What We're Watching: Punjab election back on, China-India war of names, Brazil wants peace in Ukraine
Constitutional & political crises in Pakistan
Pakistan’s Supreme Court has ordered that Punjab, the country’s most populous state, can hold elections on May 14, deeming a recent government decision to postpone polls in two states as “unconstitutional.”
Quick recap: This comes after Pakistan’s Tehreek-e-Insaf Party, led by former PM Imran Khan, filed a petition challenging the government’s decision to delay the polls in Punjab and Khyber Pakhtunkhwa from April to October.
The government had attributed the delay to a shortfall in funds due to economic constraints, but the top court ordered the government to release 20 billion rupees ($70 million) to fund the elections.
You’ll likely remember that Khan – who was ousted last April in a no-confidence vote and now faces corruption and terrorism charges that he says are politically motivated – is at loggerheads with the central government that’s trying to sideline him.
What’s more, this comes just days after the government introduced a bill in parliament trying to limit the power of the Supreme Court, which Prime Minister Shehbaz Sharif has long accused of “judicial activism.”
While the tussle between the government and the judiciary continues, there is at least one winner here: Khan, whose primary demand since being ousted has been fresh elections, particularly in his home state of Punjab. The last time Punjab held by-polls, PTI won in a landslide.
India to China: You can't rename what ain't yours
India is pushing back against China's latest attempt to rename 11 places in the northeastern Indian state of Arunachal Pradesh, which Beijing claims as part of southern Tibet. The names China says it is "standardizing" include five Himalayan mountains.
China has tried before to rename areas in the region, triggering angry responses from New Delhi. In 2017, Beijing did it as payback for India allowing the Dalai Lama to visit Arunachal Pradesh. The motive now is unclear, but the stakes are higher: In June 2020, Chinese and Indian troops had their first violent clash along their disputed Himalayan border since the 1960s. (That skirmish was in Ladakh, another chunk of India that China wants to gobble up.)
The fallout from the 2020 border fight saw India come down hard on China, for instance, by banning Chinese-made mobile apps like TikTok. Several rounds of talks had helped calm things down, but not entirely.
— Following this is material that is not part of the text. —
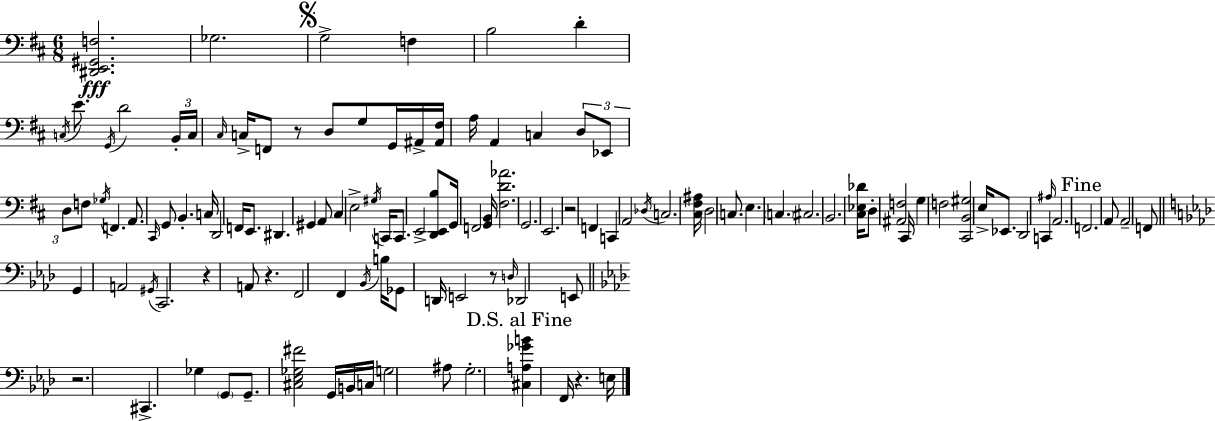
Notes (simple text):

Last December, soldiers from the two sides had another icy scuffle, this time in Arunachal Pradesh.
With the militaries of two nuclear-armed regional rival powers on high alert in the world's highest battlefield, what could go wrong?
Brazil visits Russia
On Monday, Brazil’s President Luiz Inácio Lula da Silva revealed that he had dispatched his top foreign policy adviser, Celso Amorim, to Moscow for talks with Vladimir Putin on how to stop the war in Ukraine.
It’s easy to dismiss the importance of this trip. Putin can stop the war anytime he wants, and a cynic will say Lula simply wants to raise Brazil’s international profile with a peace initiative that will make no difference to the conduct of the war.
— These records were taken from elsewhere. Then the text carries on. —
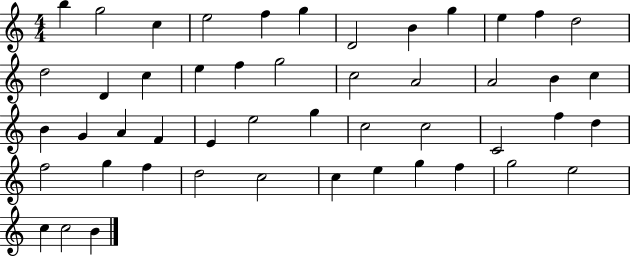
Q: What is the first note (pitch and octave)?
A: B5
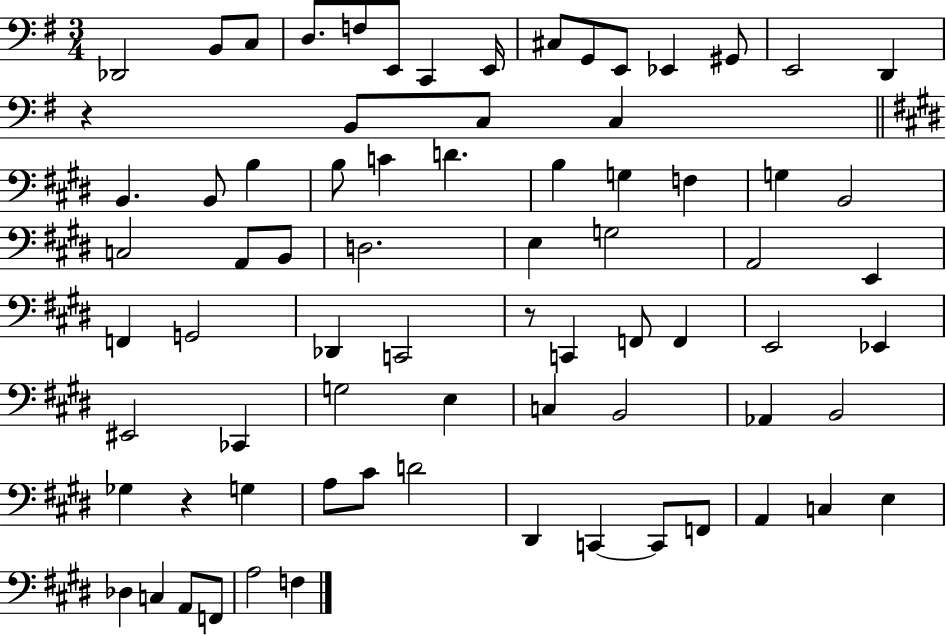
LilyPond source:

{
  \clef bass
  \numericTimeSignature
  \time 3/4
  \key g \major
  des,2 b,8 c8 | d8. f8 e,8 c,4 e,16 | cis8 g,8 e,8 ees,4 gis,8 | e,2 d,4 | \break r4 b,8 c8 c4 | \bar "||" \break \key e \major b,4. b,8 b4 | b8 c'4 d'4. | b4 g4 f4 | g4 b,2 | \break c2 a,8 b,8 | d2. | e4 g2 | a,2 e,4 | \break f,4 g,2 | des,4 c,2 | r8 c,4 f,8 f,4 | e,2 ees,4 | \break eis,2 ces,4 | g2 e4 | c4 b,2 | aes,4 b,2 | \break ges4 r4 g4 | a8 cis'8 d'2 | dis,4 c,4~~ c,8 f,8 | a,4 c4 e4 | \break des4 c4 a,8 f,8 | a2 f4 | \bar "|."
}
But this visit reminds us that many developing countries, now struggling with inflation and debt exacerbated by the war, are far more interested in seeing the conflict end as soon as possible than in Western lectures on its importance for the international order.
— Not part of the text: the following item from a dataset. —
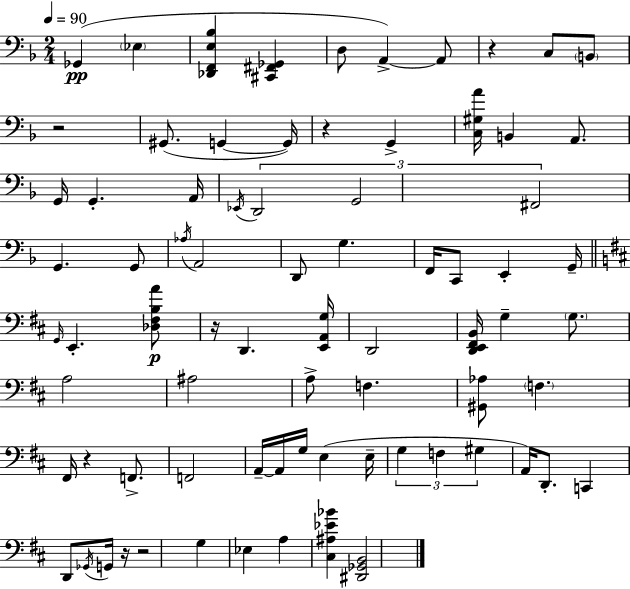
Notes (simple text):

Gb2/q Eb3/q [Db2,F2,E3,Bb3]/q [C#2,F#2,Gb2]/q D3/e A2/q A2/e R/q C3/e B2/e R/h G#2/e. G2/q G2/s R/q G2/q [C3,G#3,A4]/s B2/q A2/e. G2/s G2/q. A2/s Eb2/s D2/h G2/h F#2/h G2/q. G2/e Ab3/s A2/h D2/e G3/q. F2/s C2/e E2/q G2/s G2/s E2/q. [Db3,F#3,B3,A4]/e R/s D2/q. [E2,A2,G3]/s D2/h [D2,E2,F#2,B2]/s G3/q G3/e. A3/h A#3/h A3/e F3/q. [G#2,Ab3]/e F3/q. F#2/s R/q F2/e. F2/h A2/s A2/s G3/s E3/q E3/s G3/q F3/q G#3/q A2/s D2/e. C2/q D2/e Gb2/s G2/s R/s R/h G3/q Eb3/q A3/q [C#3,A#3,Eb4,Bb4]/q [D#2,Gb2,B2]/h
There’s also this comment from Amorim: “There will come a time when, on one side or the other, a realization will emerge that the cost of war – not just the political cost, but the human and economic cost – will be greater than the cost of the concessions needed for peace." He’s surely right about that, and if Brazil can play any role at all in helping to shape the eventual peace, the world will become a safer place.